Tom> One idea we had for a fix is to introduce a new "gnu-make" option that
Tom> would allow automake to generate code relying on GNU make. Then we
Tom> could replace all those rules with a single "%.o: %.java".
Couldn't we use the (existing) .java.o: inference rule in this
case? Actually, is there a difference between `%.o: %.java' and
`.java.o:' beside portability? -- I'm not asking about the
general % construction, just about this precise case where both
sides are expected to be in the same directory.

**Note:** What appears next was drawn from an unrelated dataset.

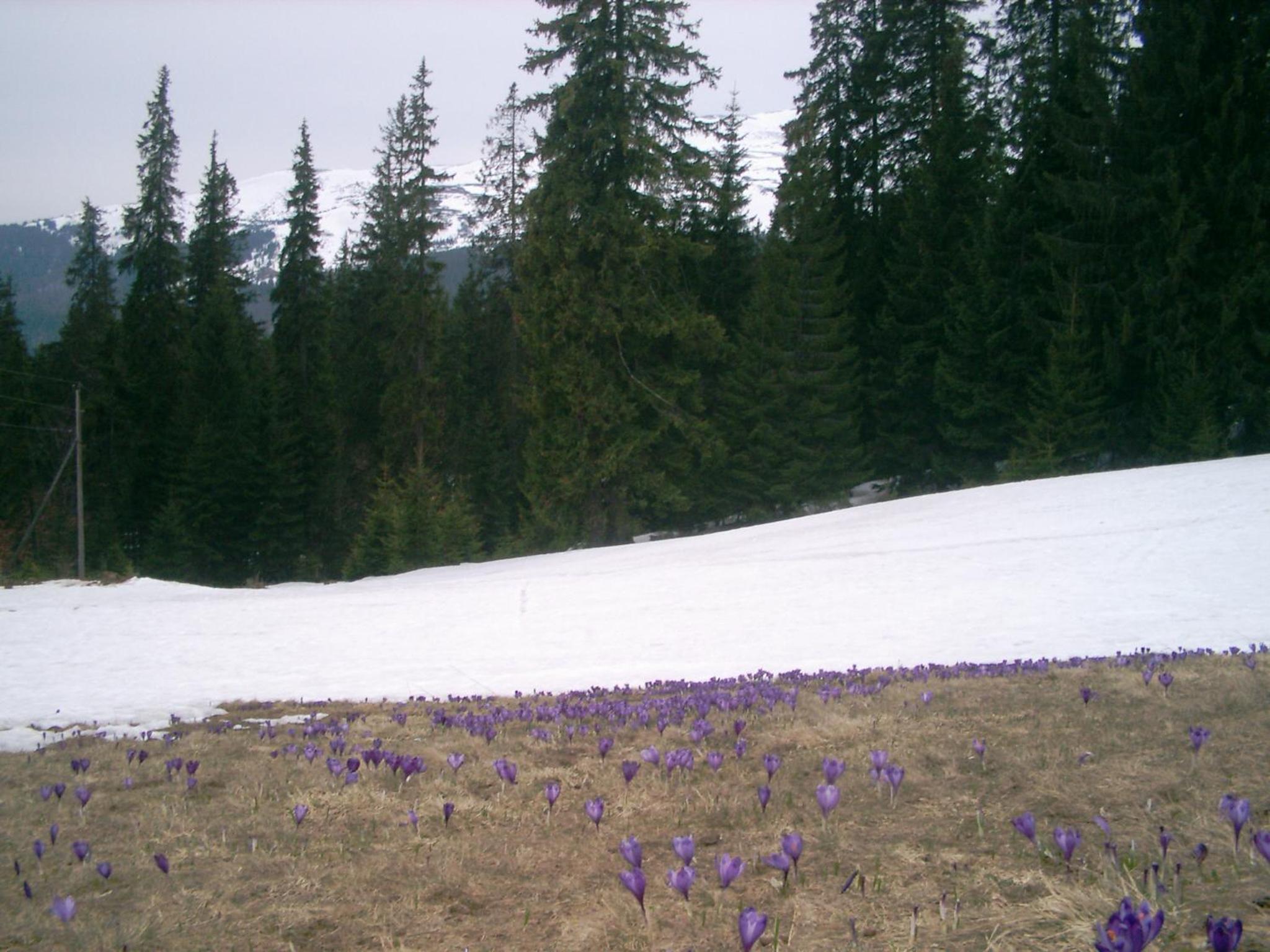 Аня Рома, photo 12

I've done some limited testing (with GNU make, BSD make,
OSF1/Tru64 Make, and HP-UX make) and .src.dest: rules appear to
work for files in subdirectory even in VPATH configurations. I
wonder if there are Make implementations where this does not
work.
So the simplest part of the fix would be to disable the output
of explicit rule for subdirectory sources without per-target
flags when subdir-objects is used.
The other side of the coin is that dependency tracking will not
work anymore, because the dependency stuff for subdir/X.o should
go into subdir/.deps/X.Po but the default suffix rule will put
it in ./.deps/subdir/X.Po. I don't see an easy way to fix this,
unless we add some clumsy shell computation in the suffix rules
(while this can probably be folded into depcomp when it is used,
it does not seem to fit well in fastdep rules). Note that this
issue is unrelated to the %.o:%.java vs. .java.o: choice.